Forth Wisdom

  • When you see ST tutorials in 100% HAL gui’s you’re not looking at the beginning of a RAD system that will revolutionise embedded design, you’re looking at the decline of civilisation and the barbarians are at your gates

  • Good engineering practice requires avoiding use of inappropriate tools. There are no silver bullets, but some tools will allow a bigger job to be finished faster and better - by letting you concentrate on the application’s problem* rather than the tools’ problems.

  • The mere mention of FORTH stimulates a violent immune reaction in many people second, perhaps, only to that induced by the utterance of the dreaded word “LISP.”

  • A Forther had written a program for dealing with Hamming codes.The manager sent it back to him and said that he wanted to see the actual program and not the description of what a Hamming code is. What better complement could a Forth programmer get ?
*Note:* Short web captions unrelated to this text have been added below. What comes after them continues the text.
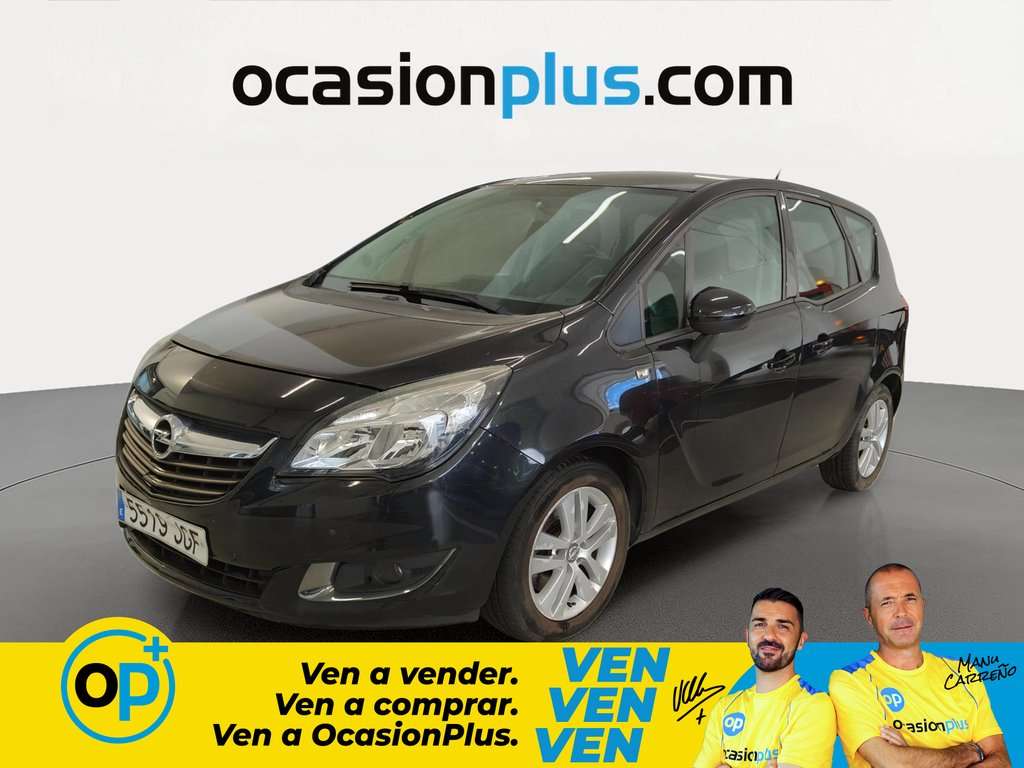 Opel Meriva 1.6CDTi S&S Ecoflex Selective - foto 1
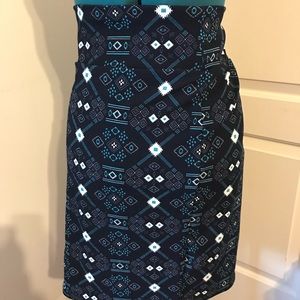 Lularoe stretchy pencil skirt Cassie - new, no tag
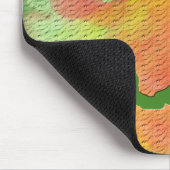 Herfstkleuren Muismat (Hoek)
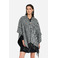 Liu Jo poncho noir 2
  • STM32 Peripheral Howto

    Read the reference manual for an hour
    Verify it doesn’t work as it should
    Curse
    Read the reference manual for 10 hours
    Try everything
    Accept the fact you still don’t understand what the hell is going on and try harder
    Use Forth to explore a wide range of tests, verify the results with assertions
    Finally understand what is required and wonder why the hell you didn’t get it the first time
    
  • C is often praised for being “close to the metal,” for being a “portable assembly language.” It was, once, but it hasn’t been since the 1970s; the underlying computational models of modern computers are nothing like the one that C represents, which was designed for a 1970s 16-bit minicomputer. https://www.theregister.com/2022/03/23/c_not_a_language/

GarthWilson

Sourced 02/07/2021 from http://forum.6502.org/viewtopic.php?f=9&t=777&start=135

For me, Forth is a means to help think about a modeled system. Even further, Forth helps in creating things to support such thinking. I’ve used several languages in my projects: C (plain, ++, #), Delphi, Turbo/Borland Pascal, Oberon (Active and Component Pascal), even Ada in one project. Every time, sooner or later, the thought came to me that one part or another would be better expressed in _____ <fill in the blank> language! When the project was in Delphi, I thought it about C. When it was in C, I thought it about Oberon…
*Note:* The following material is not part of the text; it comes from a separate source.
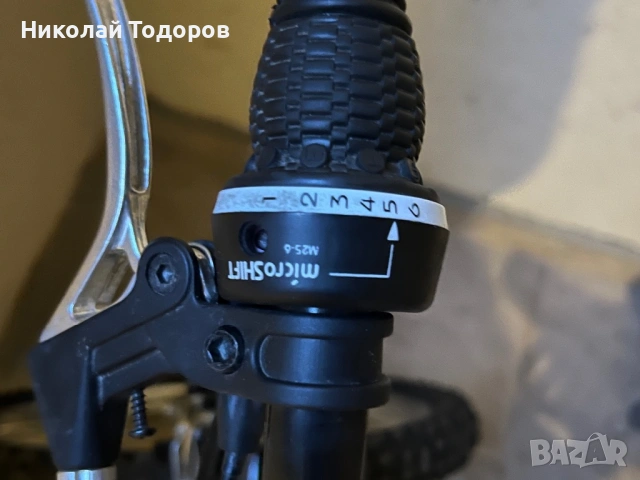 Детски велосипед 20’’ Sprint Coollook с окачване , снимка 4 - Велосипеди - 54825486
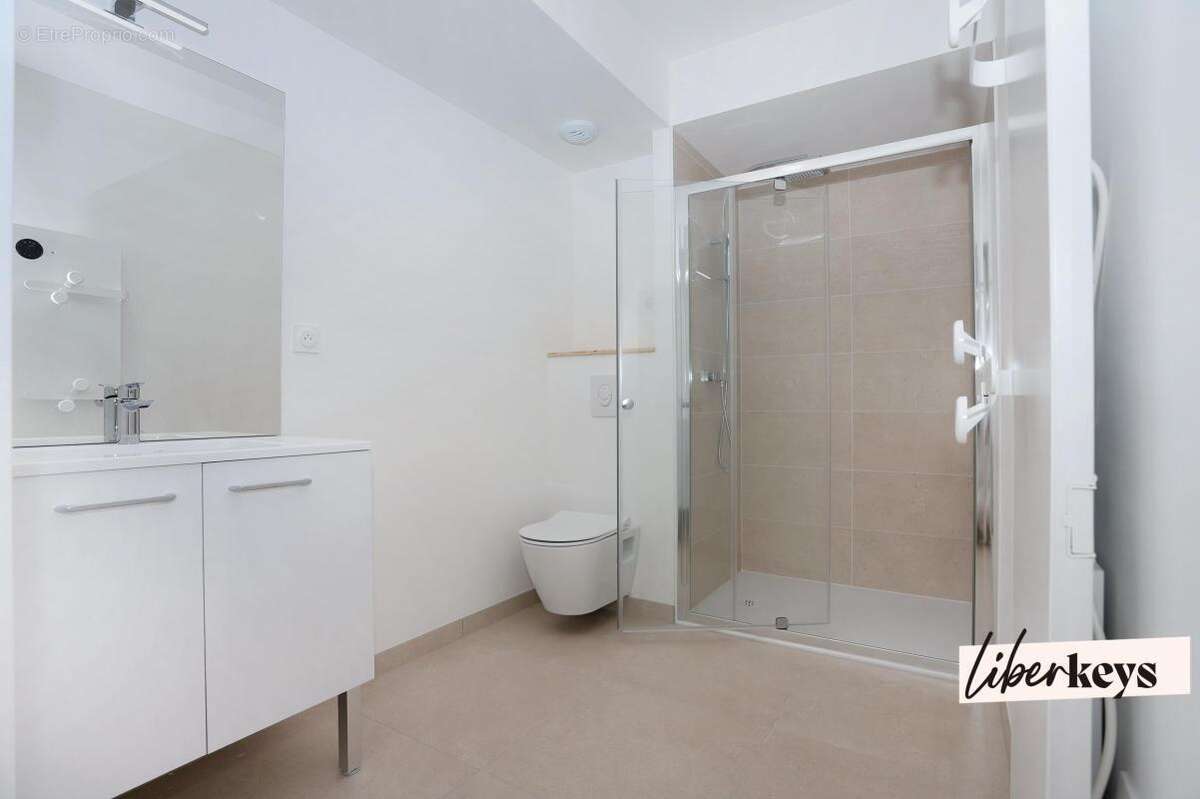 Appartement neuf très lumineux, prestation de standing - photo 6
Why did it happen regularly? Because all those languages had (and have) a strictly limited set of concepts and approaches to express or implement things.
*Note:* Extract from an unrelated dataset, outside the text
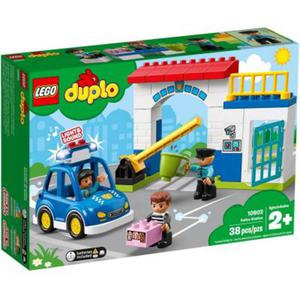 Lego DUPLO 10902 POSTERUNEK POLICJI - 2870198013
But in Forth you don’t even have any syntax! You really only have one rule: put spaces between things you consider meaningful or significant. :D The concept of defining words is something so radically different from what you can show in all other (even possible) languages!

This is simply genius!

One has the simplest compiler with unlimited possibilities to express what was/is born between one’s ears! This compiler will never reach the limits of its complexity! Its ability to expand is infinite, without forfeiting its simplicity. You don’t have to add “new features” to a “compiler” itself. It stays the same; but you add new chunks of code to build only the needed structures and operations to implement your new ideas. No need to wait for a new version. No need to wait for a committee to finish a new standard.

But this feature of Forth is what managers and bosses view as problematic. They have no standard scales and means of measurement to evaluate the progress in a project. They realize that they will have a big problem if they hire a forther and later need to find a replacement for a him/her. For a long time, I have preferred to not tell my colleagues and bosses that I like FORTH. Forth changes the thinking. And these changes are not viewed as positive by the mainstream programmer today. The mainstream is working differently.

Not Forth Exactly …

G.N.M. Tyrell has put forward the terms divergent and convergent to distinguish problems which cannot be solved by logical reasoning from those that can.

Life is being kept going by divergent problems which have to be lived.

Convergent problems do not exist in reality, but are created by a process of abstraction.

When they have been solved, the solution can be written down and passed to others, who can apply it without needing to reproduce the mental effort necessary to find it.

If this were the case with human relations well, I’m at a loss how to finish the sentence. There would be no more human relations but only mechanical reactions; life would be a living death.

Divergent problems, as it were, force a man to strain himself to a level above himself; they demand, and thus provoke the supply of, forces from a higher level, thus bringing love, beauty, goodness, and truth into our lives.

It is only with the help of these higher forces that the opposites can be reconciled in the living situation.